> **WORK REQUEST**:
The entire listing below is to be written out exactly, minus the pictures.
=== Section Start ===
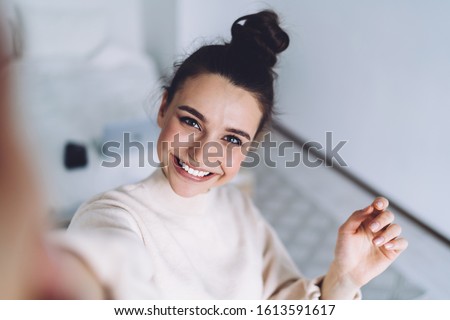Pretty young female with big smile standing at bedroom after work with laptop and having fun taking light cheerful selfie on blurred background Royalty-Free Stock Photo #1613591617
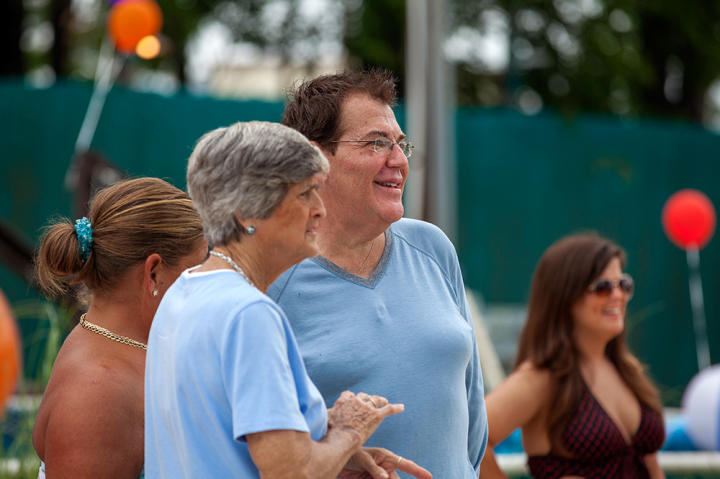 Roy and Peggy watch the festivities.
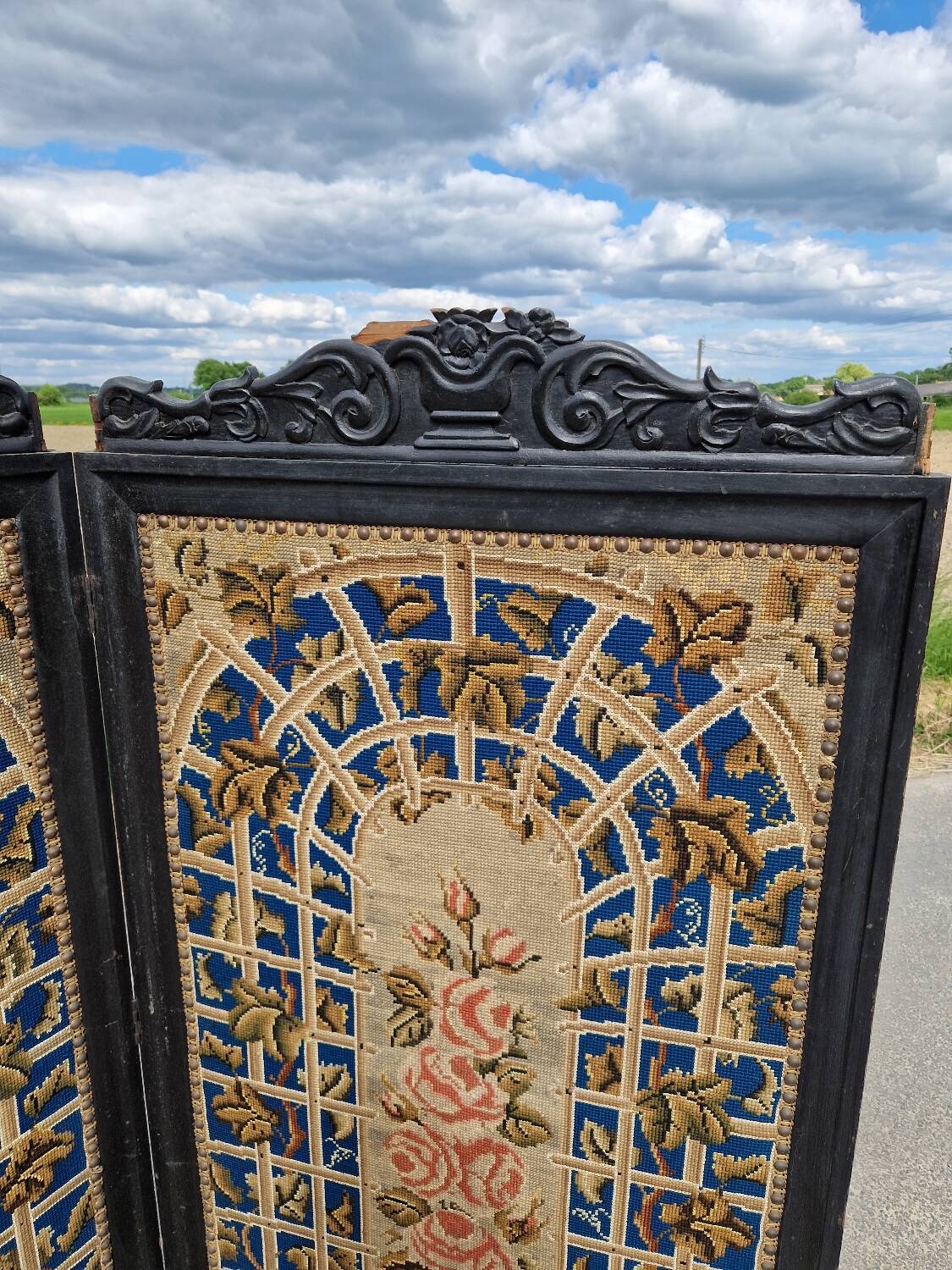 Folding screen in black-painted wood, 19th century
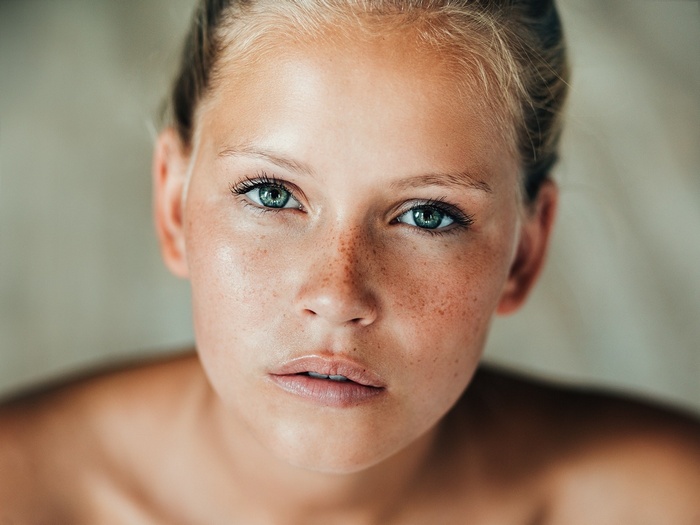 Portrait of a young woman with freckles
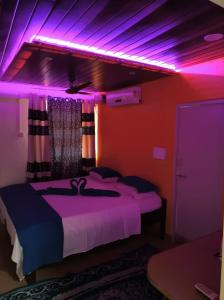 Habitación con cama con luces moradas. en ALEGRO HOLIDAY HOMES, en Palolem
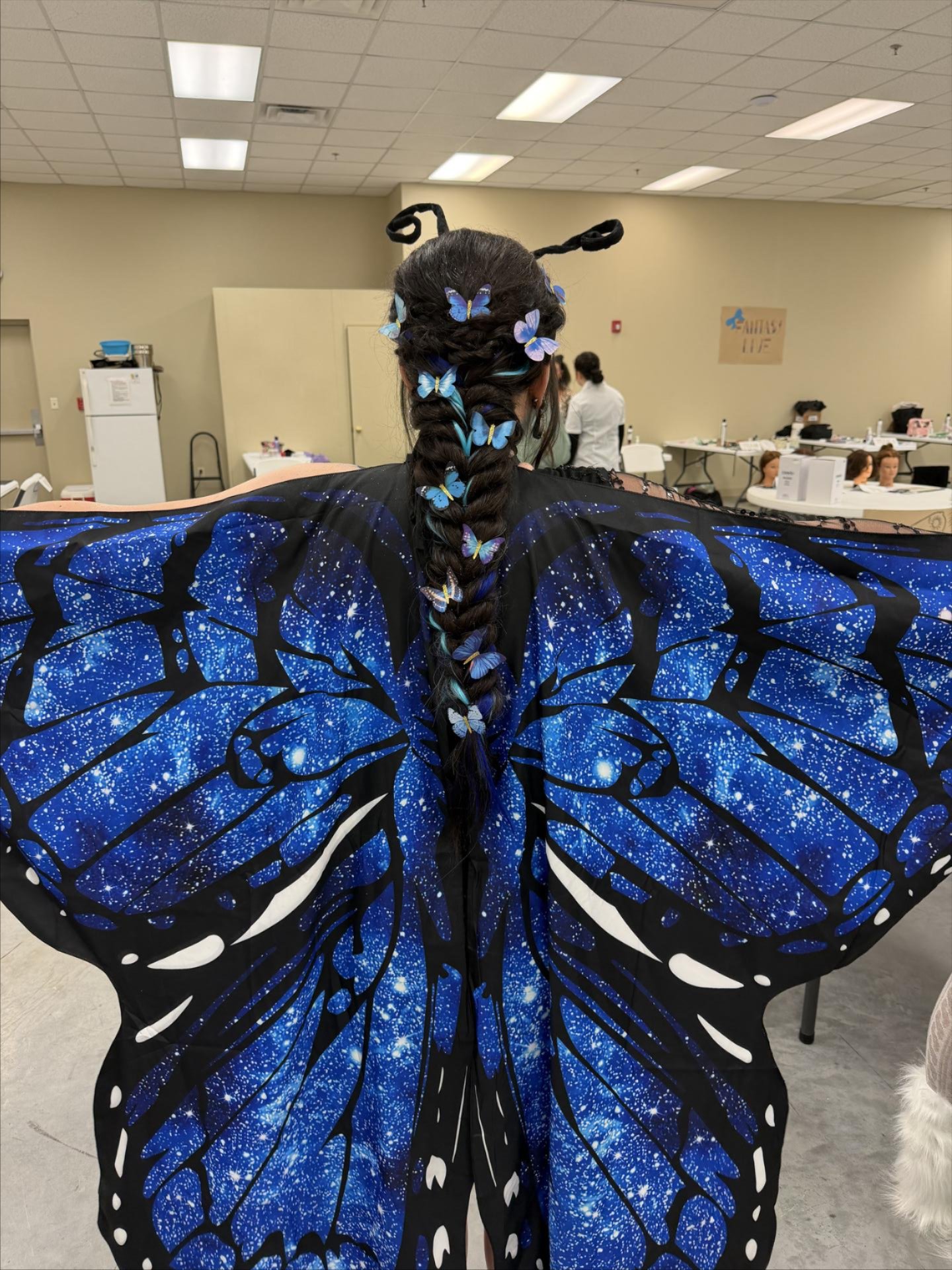Cosmetology students pose for a picture.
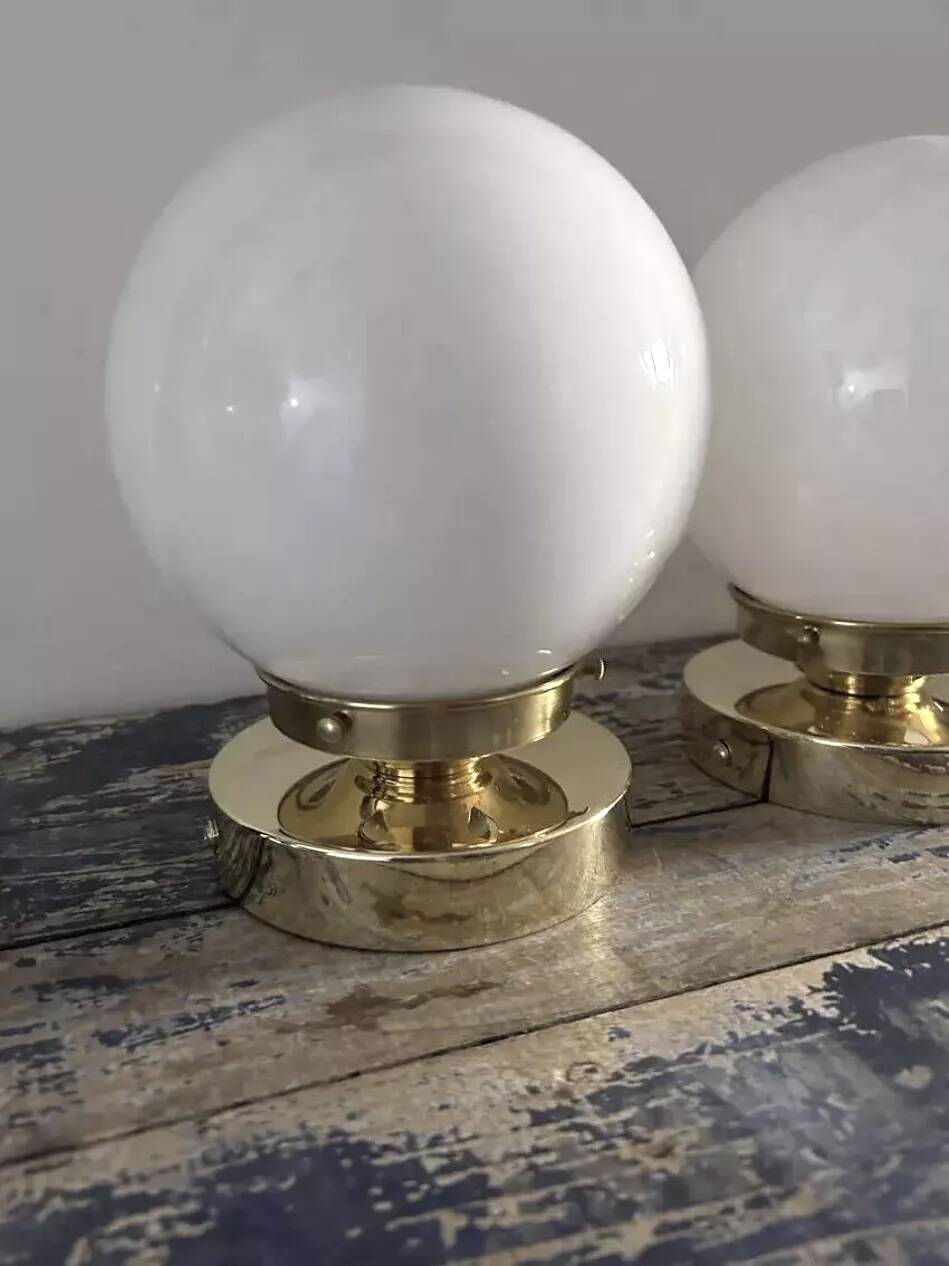 Pair of white opaline globe wall lights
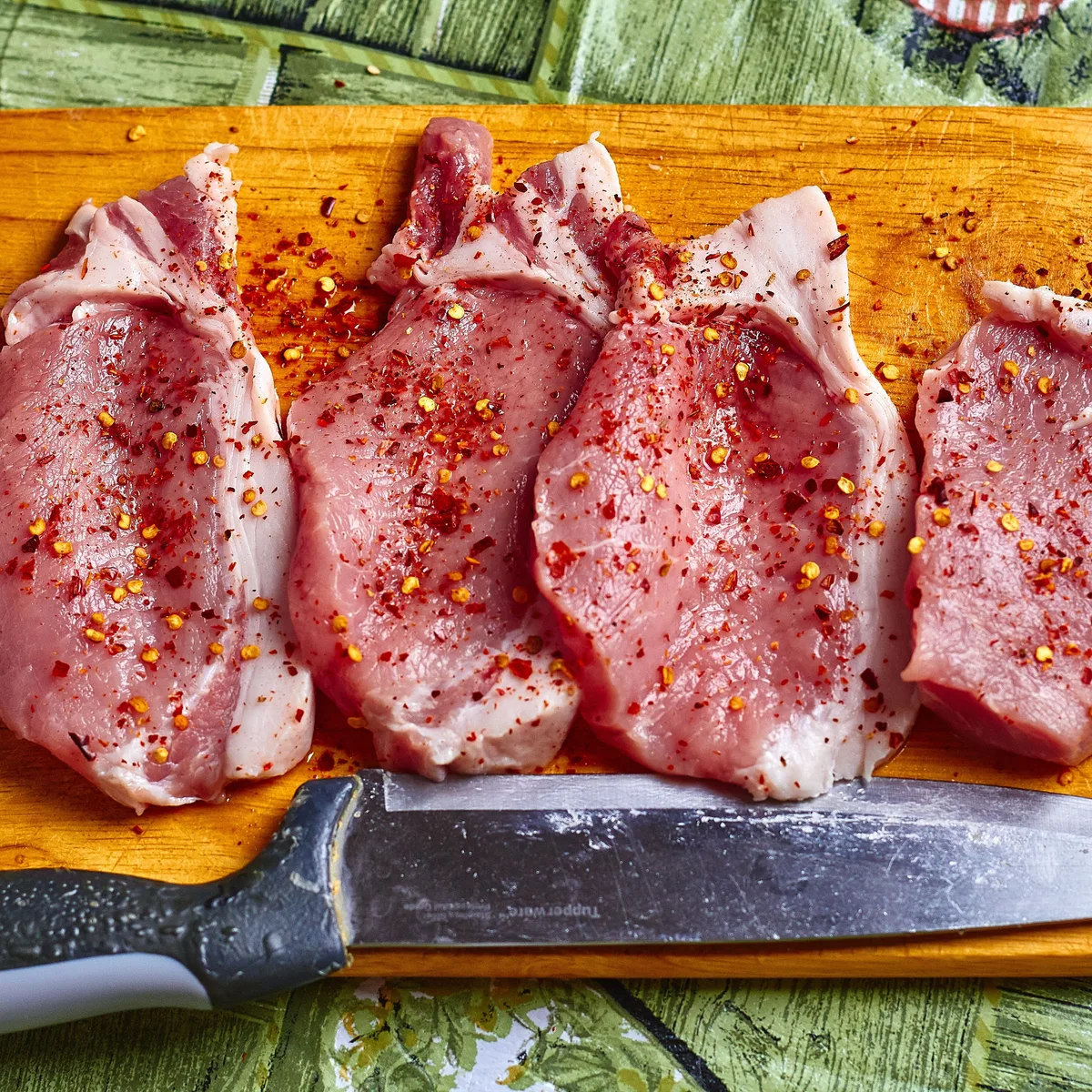 Seared pork chops with sauteed apple and onion slices in a skillet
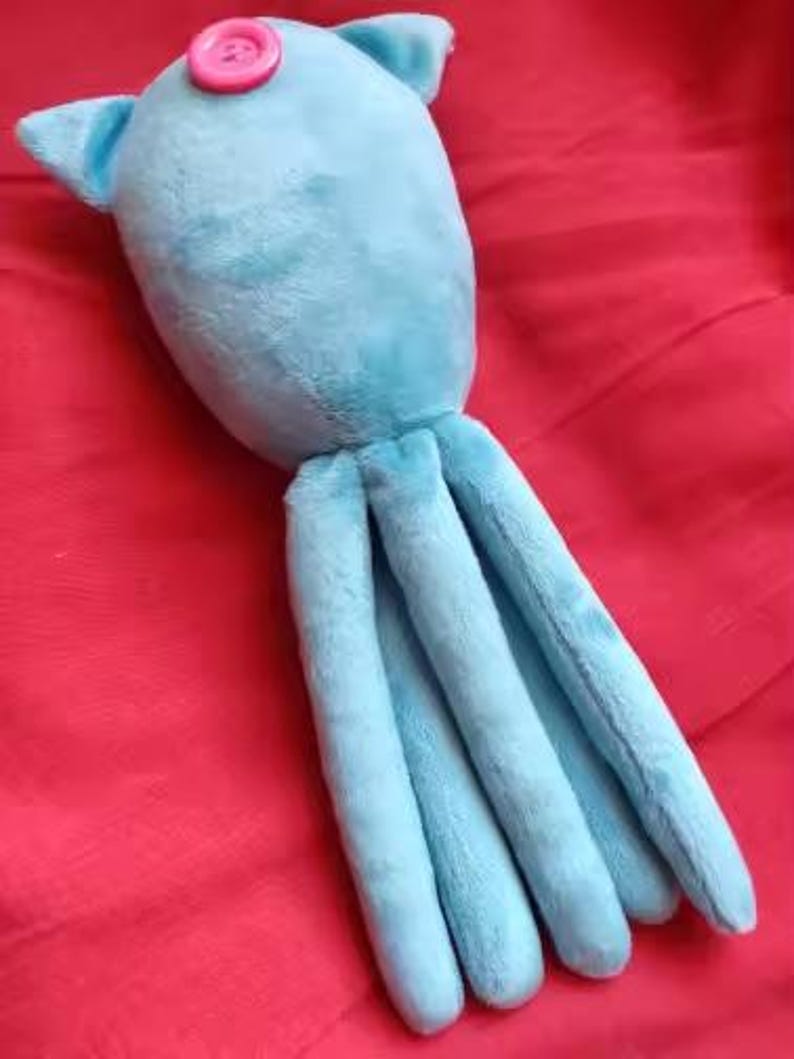 May include: A light blue plush octopus toy with a pink button on its head. The toy has two small ears and eight long tentacles. The toy is made of soft material and is lying on a red surface.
=== Section End ===
> **FINISHED EXERCISE**:
Pretty young female with big smile standing at bedroom after work with laptop and having fun taking light cheerful selfie on blurred background Royalty-Free Stock Photo #1613591617
 Roy and Peggy watch the festivities.
 Folding screen in black-painted wood, 19th century
 Portrait of a young woman with freckles
 Habitación con cama con luces moradas. en ALEGRO HOLIDAY HOMES, en Palolem
Cosmetology students pose for a picture.
 Pair of white opaline globe wall lights
 Seared pork chops with sauteed apple and onion slices in a skillet
 May include: A light blue plush octopus toy with a pink button on its head. The toy has two small ears and eight long tentacles. The toy is made of soft material and is lying on a red surface.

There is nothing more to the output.